For Donald Trump, the war with China – on trade and economic terms – is all he has wanted to fight since 2016 with him at the helm. For the US President, the economy is everything – or almost everything – and rightly since the late 1980s he had foreseen and publicly spoken – not from a position of responsibility, of course – about the danger of China’s rise and the threat it poses to American economic and not only economic sovereignty. Trump, with a fresh second term in the oval office and, having been forced to scale back his plans because of the pandemic during his first time in the White House, is doing exactly what he had announced: economic warfare.
The tariffs no matter how Trump has interpreted the issues is a clear tool – a weapon that the US and every other level economy has in its quiver. The US President has chosen to use it at a time when the problems are neither few nor small and in a year in which the US economy has enough of its own to deal with. The impact for the US President is synonymous with the “side effects” of a serious surgery that a seriously ill person has to deal with. Pain is necessary and to be fair and in fairness to both the circumstances and the story itself Trump had spoken about it without equivocation…
What seems to be of little concern to the American President, however, and seems to be repeating as a pattern, is the fact that beyond the purely macro or even micro economics, Trump is making moves that directly “tear down” efforts and policies that his country has fought for, paid for and established through pure – or not so pure – methods over the last 80 years. US moves today show a violent shift to isolationism. Trump is attempting to turn the US ocean liner which, with many knots, is charting a long course in just a few miles and with no problem apparent on the horizon beyond the captain’s orders.

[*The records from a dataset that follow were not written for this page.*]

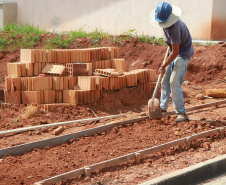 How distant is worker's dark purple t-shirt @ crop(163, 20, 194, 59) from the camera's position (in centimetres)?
595

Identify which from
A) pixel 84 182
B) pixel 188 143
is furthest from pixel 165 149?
pixel 84 182

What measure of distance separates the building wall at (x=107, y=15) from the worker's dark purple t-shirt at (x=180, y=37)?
4904 mm

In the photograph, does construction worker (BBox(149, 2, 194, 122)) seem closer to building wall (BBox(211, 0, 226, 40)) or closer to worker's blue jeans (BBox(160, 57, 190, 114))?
worker's blue jeans (BBox(160, 57, 190, 114))

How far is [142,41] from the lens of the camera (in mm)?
11742

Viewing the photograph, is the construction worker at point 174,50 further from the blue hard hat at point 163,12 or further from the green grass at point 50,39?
the green grass at point 50,39

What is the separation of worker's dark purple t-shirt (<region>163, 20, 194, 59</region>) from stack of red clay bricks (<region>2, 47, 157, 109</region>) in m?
1.67

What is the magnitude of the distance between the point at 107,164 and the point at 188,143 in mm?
1332

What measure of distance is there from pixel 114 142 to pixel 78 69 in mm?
2348

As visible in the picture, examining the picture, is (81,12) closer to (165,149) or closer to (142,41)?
(142,41)

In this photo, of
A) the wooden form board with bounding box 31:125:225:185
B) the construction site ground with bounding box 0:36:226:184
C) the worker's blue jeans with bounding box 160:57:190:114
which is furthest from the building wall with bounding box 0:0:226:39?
the wooden form board with bounding box 31:125:225:185

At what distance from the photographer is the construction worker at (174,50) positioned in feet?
19.5

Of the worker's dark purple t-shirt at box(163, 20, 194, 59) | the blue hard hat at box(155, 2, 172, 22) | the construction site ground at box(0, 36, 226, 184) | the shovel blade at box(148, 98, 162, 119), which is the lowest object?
the construction site ground at box(0, 36, 226, 184)

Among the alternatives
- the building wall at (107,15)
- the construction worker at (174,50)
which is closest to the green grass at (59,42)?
the building wall at (107,15)

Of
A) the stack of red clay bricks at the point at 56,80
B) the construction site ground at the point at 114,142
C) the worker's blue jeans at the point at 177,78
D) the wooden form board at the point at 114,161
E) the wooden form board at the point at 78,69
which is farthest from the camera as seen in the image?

Trump claims that his country’s “ship” is headed for the shoals and reefs of Peking which are currently of such a size that they could “wound” and sink the ship… Trump’s data is right on the part of diagnosing the problem. Yes, China today is by far the top threat to the US economy and it won’t be long before Beijing takes advantage of the circumstances to emerge as the new global superpower. But Trump, in the way he chooses to go about it, is making a huge gift to his own enemy… As mentioned above this is not the first time he has done so and in less than three months. The same questions have been raised by his attitude in the Ukraine War with his approach to Moscow and his isolation of Ukraine and Europe. In his own way, Trump is succeeding in uniting a world that has learned from the US – easily or not so easily – that it must stand against China and Beijing’s ambitions. Really, if three months ago someone had said that China – Japan and South Korea would hurriedly even be at the same table to find a common solution against the US tariff threat, how many would have bet in favour?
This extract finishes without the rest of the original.